I've had the Breezer for about 9 years. I special ordered the frame and assembled it with parts I chose while I was working in an REI bike shop. It's lightweight, a dream to ride and looks great, but more than that, it has a certain classic appeal and connection to the history of mountain biking that makes it a good litmus test. Most people who look see an old steel hardtail, but those who have been involved with bikes for a while understand.
It may come as a surprise then that over the past year or so I've felt a growing temptation to look at other bikes. Not just any bikes, 29ers. The big wheels and all the benefits that people attribute to them seem like a perfect fit for what I like about mountain biking, but riding one around in the parking lot of a bike shop seems cheap and tawdry (not to mention a terrible way to test a bike). I hadn't been able to find a local shop that rented one until this winter when I learned that that they have some at Sundance--a much more romantic (and effective) place for a rendezvous.
Well, enough of that. May was a pretty busy month and, as it drew to a close, I was thinking I might have to just throw together a makeshift activity for the Year of Timpanogos. The ideas I had weren't sounding that exciting, and my prospects were looking bleak.
My tentative plan was to go up to Aspen Grove and ride my bike along a trail from there to the top of the loop and possibly connect to part of the Ridge Trail if conditions were good. When I got to Aspen Grove things just didn't seem right, so I took a few pictures,
and then decided to head down to South Fork and ride--it just sounded like more fun, and isn't that what this type of activity should be about?
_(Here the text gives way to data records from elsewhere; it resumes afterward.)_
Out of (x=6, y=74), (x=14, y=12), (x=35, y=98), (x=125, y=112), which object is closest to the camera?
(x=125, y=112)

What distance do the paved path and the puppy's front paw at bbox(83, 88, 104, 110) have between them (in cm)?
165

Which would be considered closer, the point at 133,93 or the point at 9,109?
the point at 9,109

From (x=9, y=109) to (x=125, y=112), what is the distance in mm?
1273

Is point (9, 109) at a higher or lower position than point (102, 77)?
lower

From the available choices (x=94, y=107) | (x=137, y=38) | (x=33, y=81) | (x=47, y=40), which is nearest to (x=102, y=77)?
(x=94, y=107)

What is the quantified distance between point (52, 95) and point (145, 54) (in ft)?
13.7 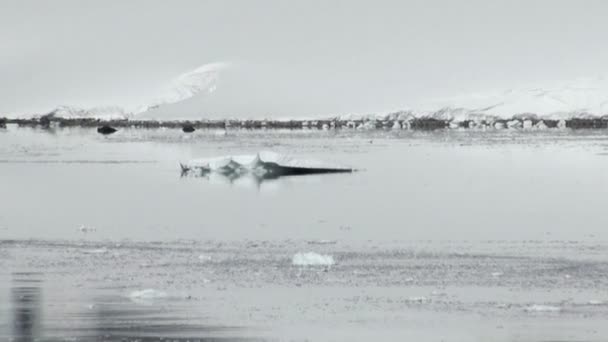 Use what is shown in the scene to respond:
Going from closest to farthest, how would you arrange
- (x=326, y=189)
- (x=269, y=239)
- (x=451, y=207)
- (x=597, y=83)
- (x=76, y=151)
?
(x=269, y=239), (x=451, y=207), (x=326, y=189), (x=76, y=151), (x=597, y=83)

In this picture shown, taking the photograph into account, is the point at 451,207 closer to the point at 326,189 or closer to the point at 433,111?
the point at 326,189

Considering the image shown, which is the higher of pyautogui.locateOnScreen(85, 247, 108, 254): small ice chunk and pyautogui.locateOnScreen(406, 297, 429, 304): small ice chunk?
pyautogui.locateOnScreen(406, 297, 429, 304): small ice chunk

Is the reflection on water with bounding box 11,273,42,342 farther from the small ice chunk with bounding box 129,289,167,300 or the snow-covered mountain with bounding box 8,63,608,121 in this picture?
the snow-covered mountain with bounding box 8,63,608,121

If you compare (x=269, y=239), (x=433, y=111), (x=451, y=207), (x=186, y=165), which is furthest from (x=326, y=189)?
(x=433, y=111)

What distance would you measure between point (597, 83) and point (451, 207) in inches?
2888

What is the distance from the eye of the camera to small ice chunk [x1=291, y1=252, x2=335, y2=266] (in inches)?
467

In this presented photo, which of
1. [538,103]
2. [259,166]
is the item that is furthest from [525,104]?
[259,166]

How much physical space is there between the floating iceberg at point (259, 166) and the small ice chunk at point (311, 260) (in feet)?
44.0

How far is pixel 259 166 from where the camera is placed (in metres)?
26.0

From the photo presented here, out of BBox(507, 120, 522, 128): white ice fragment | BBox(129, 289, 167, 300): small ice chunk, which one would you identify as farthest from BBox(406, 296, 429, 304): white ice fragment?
BBox(507, 120, 522, 128): white ice fragment

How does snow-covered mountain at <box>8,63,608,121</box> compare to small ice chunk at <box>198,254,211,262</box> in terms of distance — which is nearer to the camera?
small ice chunk at <box>198,254,211,262</box>

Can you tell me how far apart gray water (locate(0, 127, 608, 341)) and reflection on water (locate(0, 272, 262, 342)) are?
0.02 meters

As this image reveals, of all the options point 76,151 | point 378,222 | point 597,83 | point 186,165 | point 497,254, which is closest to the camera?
point 497,254

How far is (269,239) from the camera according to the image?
1430 centimetres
I drove down the canyon thinking of ways to justify this as a Year of Timpanogos activity.
I still hadn't come up with a good tie in by the time I got to South Fork, but I got things together, hopped on the bike and headed up the trail. Conditions were perfect, I had a great ride and got back to the trailhead with no satisfactory way to connect this experience to the Year of Timpanogos, but pleased to have had it.
As I rolled into the parking lot I saw this:
Now, I'm not particularly superstitious and would certainly not try to pass this off as divine intervention, but it did have a kind of deus ex machina feel to it. There I was on the last day of May trying to find a Timpanogos related activity and the Timpanogos Cyclery wagon pulls up.
I strolled over, trying to act casual, and asked what was up. Turns out they were just out and about, looking for people who might like to demo some of their bikes. It also turns out they had a new Specialized Stumpjumper Comp 29, tuned for a guy just my size and weight and were thrilled to put my pedals on the bike and let me take it out on the trail. So I did.
I call this picture, The Bike and the Beaver Dam.
Unfortunately, it didn't help with the feelings of guilt that my unfaithful wandering eye has caused me over the past year. I loved the ride. I loved the bike. I think I'll go to Sundance this month and test another 29er.
In one last attempt to tie in to the project, I stopped on the way down South Fork and took a picture of Timpanogos.